═════ COLLECTED DATA

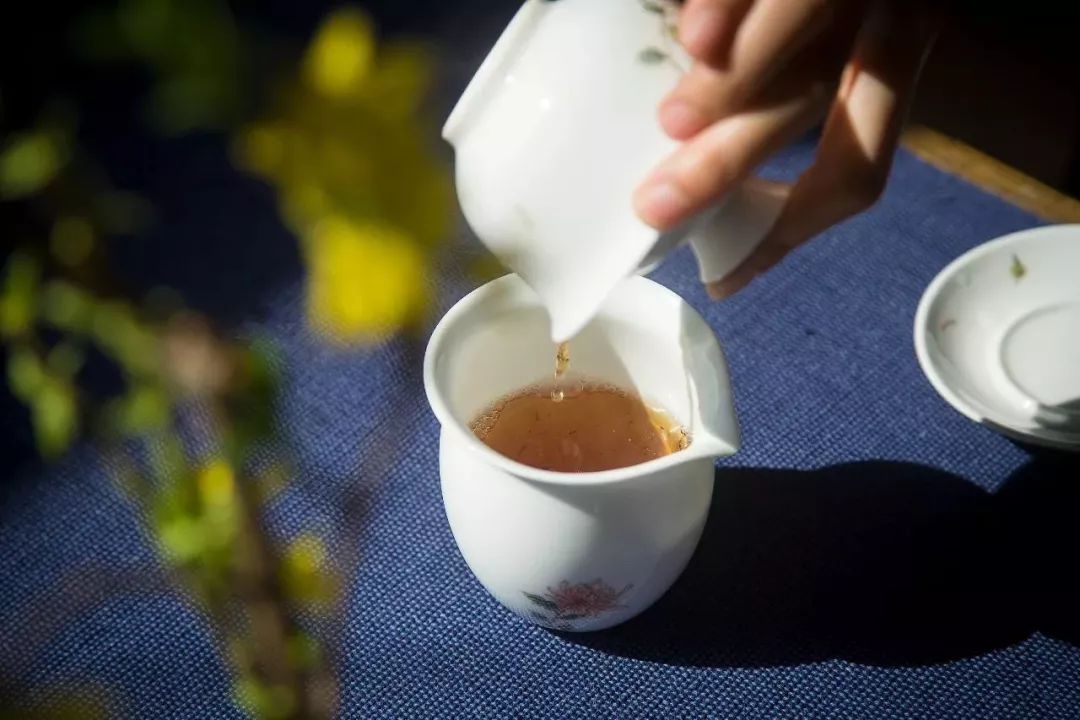 茶知识|乌龙茶分类怎么分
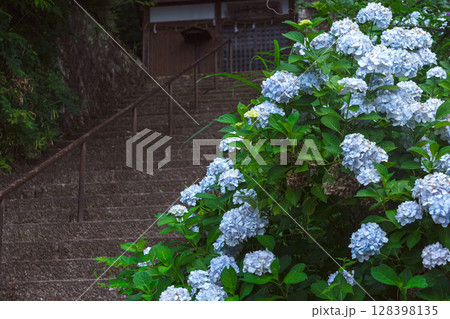 250708神明神社z093 128398135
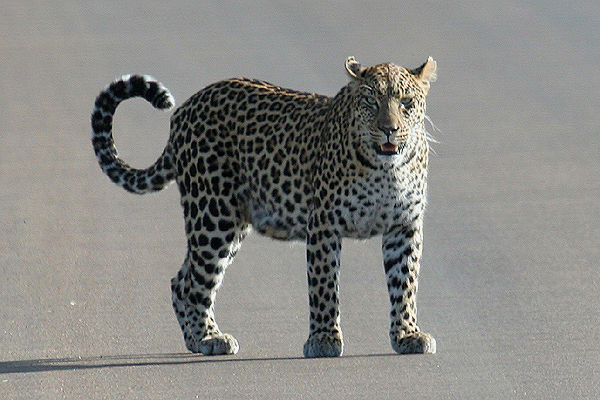 Leopard by Mick Dryden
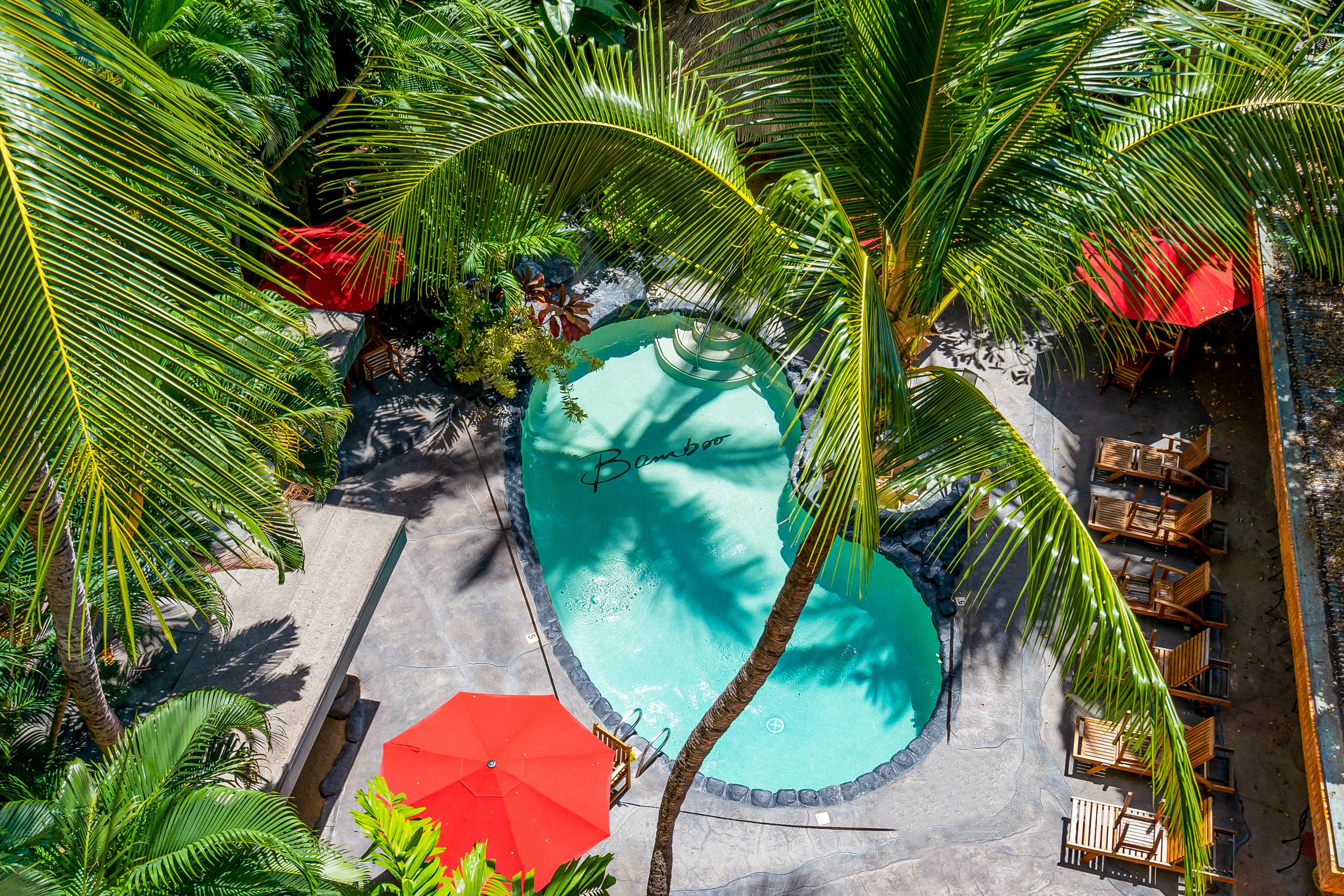 The Bamboo Oasis at Bamboo Waikiki #307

══════════

WORK TO COMPLETE – Output all of the data exactly. Skip the pictures.

WRITTEN ANSWER –
 茶知识|乌龙茶分类怎么分
 250708神明神社z093 128398135
 Leopard by Mick Dryden
 The Bamboo Oasis at Bamboo Waikiki #307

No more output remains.